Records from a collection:
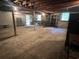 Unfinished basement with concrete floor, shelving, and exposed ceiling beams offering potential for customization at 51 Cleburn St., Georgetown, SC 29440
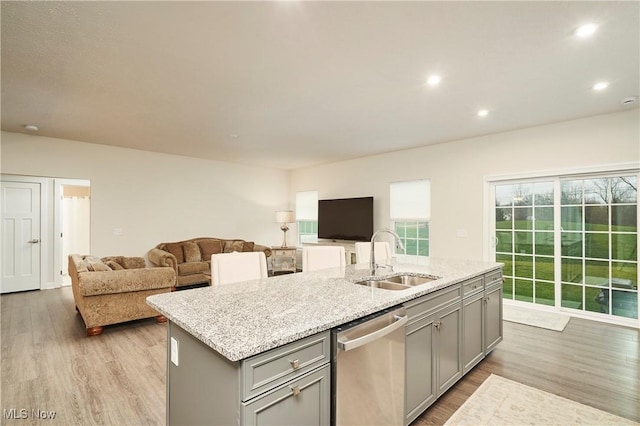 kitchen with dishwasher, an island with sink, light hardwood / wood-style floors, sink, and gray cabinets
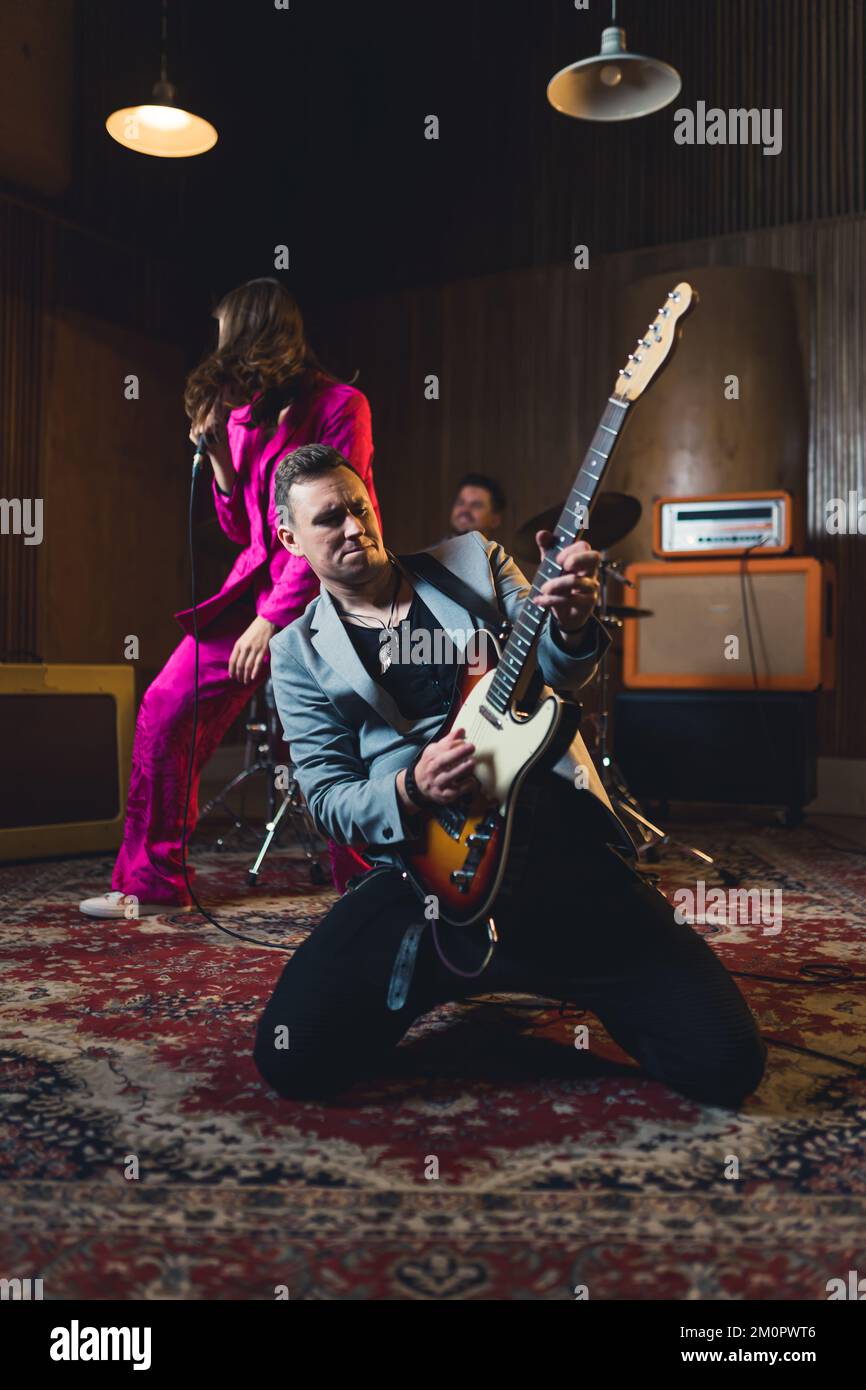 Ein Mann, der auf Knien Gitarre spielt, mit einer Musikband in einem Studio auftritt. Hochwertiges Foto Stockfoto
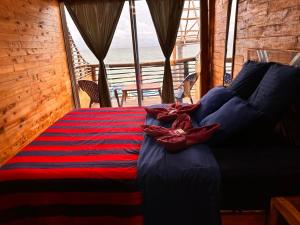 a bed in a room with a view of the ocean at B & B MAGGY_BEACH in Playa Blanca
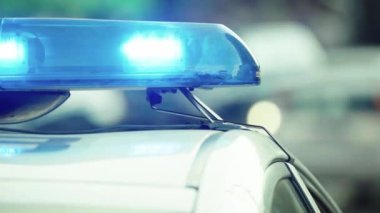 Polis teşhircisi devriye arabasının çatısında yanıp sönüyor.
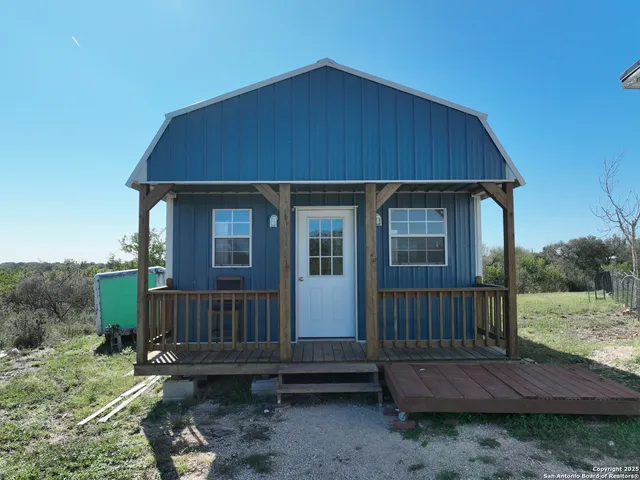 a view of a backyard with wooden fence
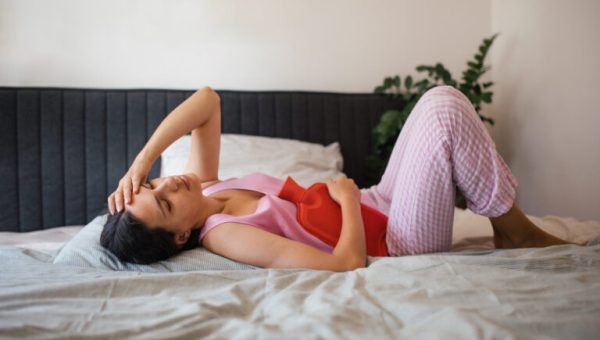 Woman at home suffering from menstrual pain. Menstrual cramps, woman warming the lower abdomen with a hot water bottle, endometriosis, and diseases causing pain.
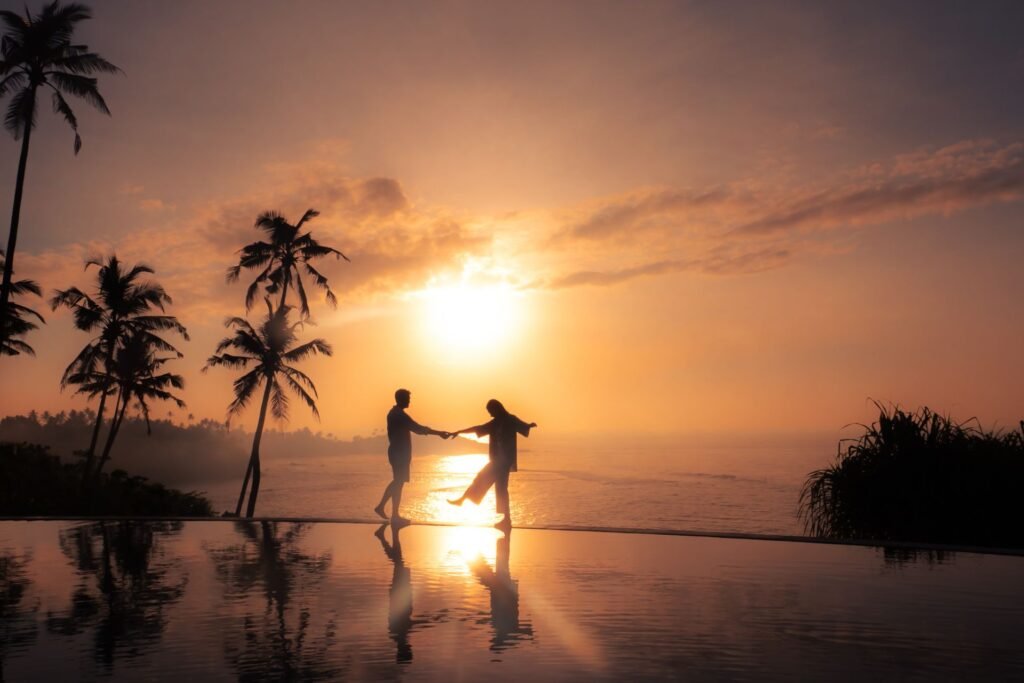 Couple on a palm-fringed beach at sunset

* About this task
Using the data above, give again exactly the lines starting at the one holding "kitchen with dishwasher, an" and ending at the one holding "Ein Mann, der", inclusive, and nothing more. Omit the pictures.

* Task output
 kitchen with dishwasher, an island with sink, light hardwood / wood-style floors, sink, and gray cabinets
 Ein Mann, der auf Knien Gitarre spielt, mit einer Musikband in einem Studio auftritt. Hochwertiges Foto Stockfoto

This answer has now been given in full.